Anyway to get to the point. We are trying to reconcile but the OM seems to relish in posting the pics of the two of them on his social media accounts. Now I've tried to ignore them and not go to the site to see, but it's one of the few ways I was able to glean if contact was still going on. There were a couple of times early on I was able to tell she was posting under a fake account. Anyway the question is how would you deal with this? Seems like a no win. It pisses me off yet I'm compelled to keep returning. I can't really blame her anymore since she really has no control over whether or not he deletes them or puts them back up. She certainly has been chided many times over the fact she sent him pictures. Any advice on how to deal?


----------



## Hope1964 (Sep 26, 2011)

You are going to have to either stop looking, or start ignoring. What other options are there?


----------



## Lefacade (Jan 10, 2014)

Hope1964 said:


> You are going to have to either stop looking, or start ignoring. What other options are there?


Yeah I get that. The only other option is to divorce I guess and hope that after that I don't feel compelled to go back looking. That's the big if for me. If I left her would the pain, hurt and resentment go away or would it still be there.


----------



## Married but Happy (Aug 13, 2013)

If you left, those negatives would fade without the constant reminder of seeing her daily - unless, of course, you're obsessive about it, in which case it could take a very long time.

Once you're in a new relationship, you'll soon forget the past - and won't care.


----------



## Hope1964 (Sep 26, 2011)

Lefacade said:


> Yeah I get that. The only other option is to divorce I guess and hope that after that I don't feel compelled to go back looking. That's the big if for me. If I left her would the pain, hurt and resentment go away or would it still be there.


Ok, so then the question becomes - how remorseful is she? Do YOU know what a truly remorseful wayward looks like?
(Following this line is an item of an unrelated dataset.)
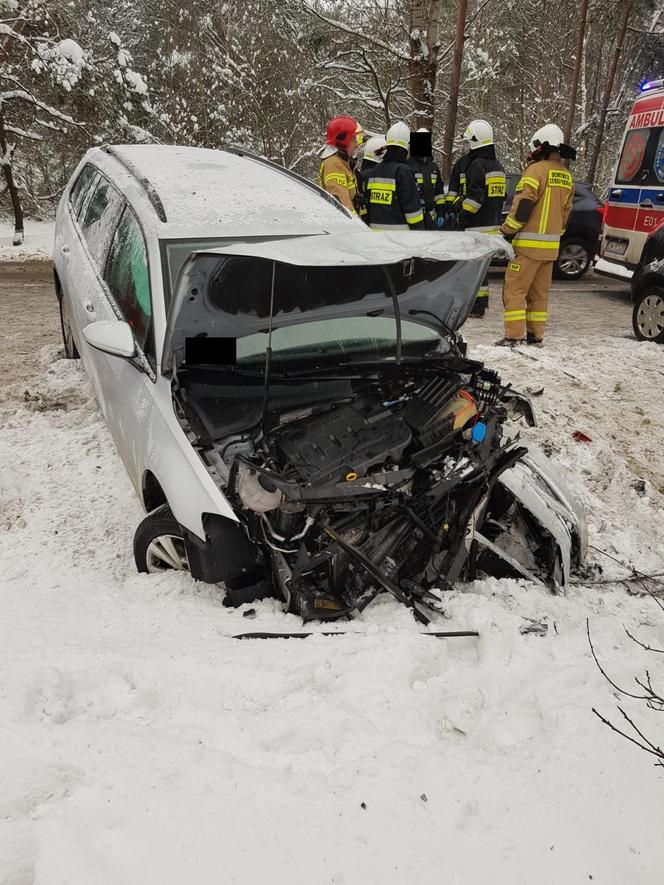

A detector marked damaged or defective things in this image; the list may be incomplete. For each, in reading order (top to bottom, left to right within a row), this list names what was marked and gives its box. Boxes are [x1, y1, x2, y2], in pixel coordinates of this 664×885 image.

wrecked silver car [161, 231, 588, 624]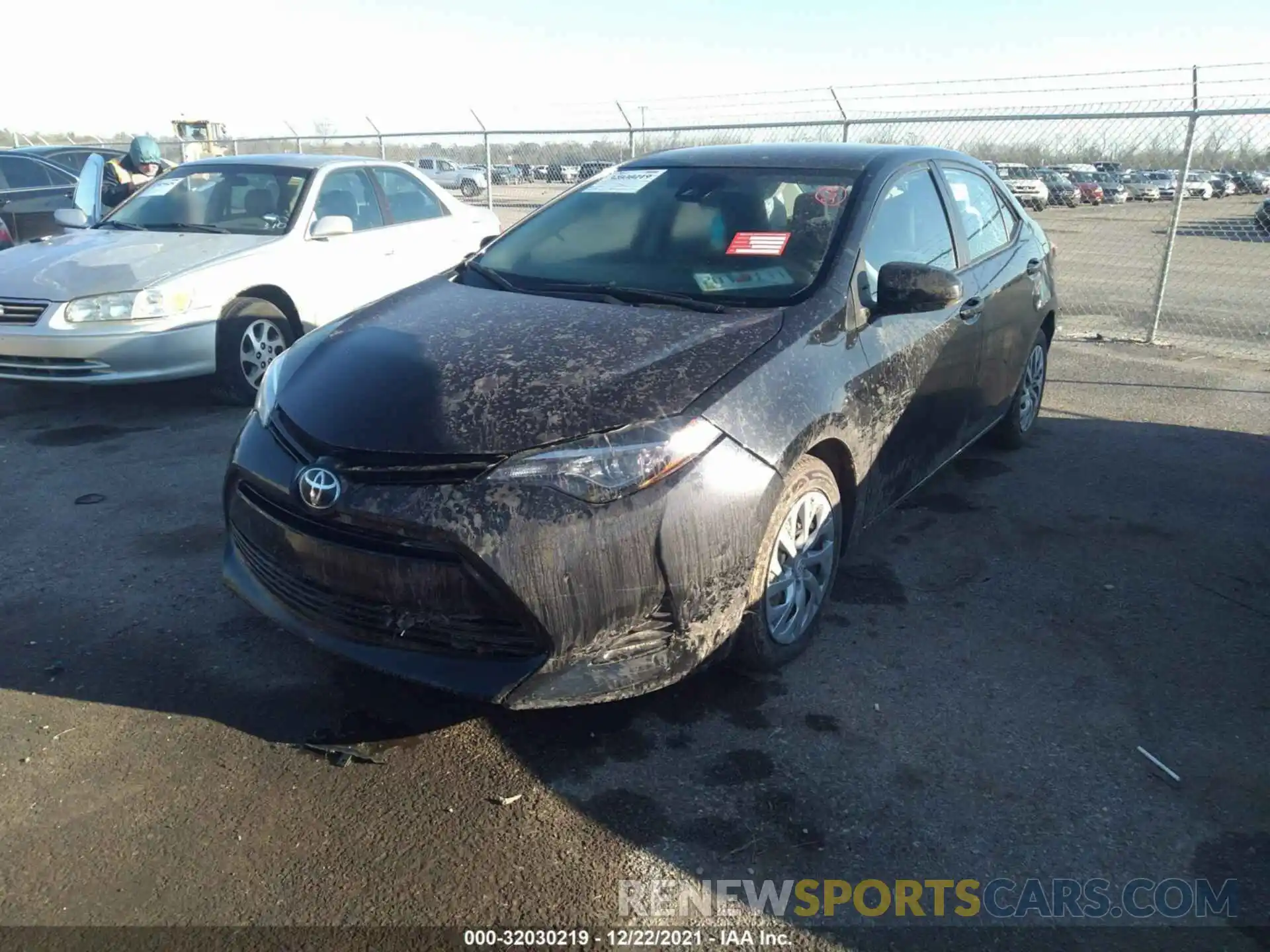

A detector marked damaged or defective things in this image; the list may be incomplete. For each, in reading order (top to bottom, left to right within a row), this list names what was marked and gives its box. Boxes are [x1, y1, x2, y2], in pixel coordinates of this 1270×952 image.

damaged front bumper [222, 413, 777, 711]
Does she?


----------



## manticore (Sep 3, 2013)

my usual reaction would be asking you, WTH are you doing in his site?, but after seeing other posts of yours where you have admitted that she have been keeping communication with him and even disccused topics as having kids together I would be more worried about her commitment.

It seems that she is with you more for the ciurcumstances (the fact that he is in another country) that the desire to rebuild her marriage with you.


----------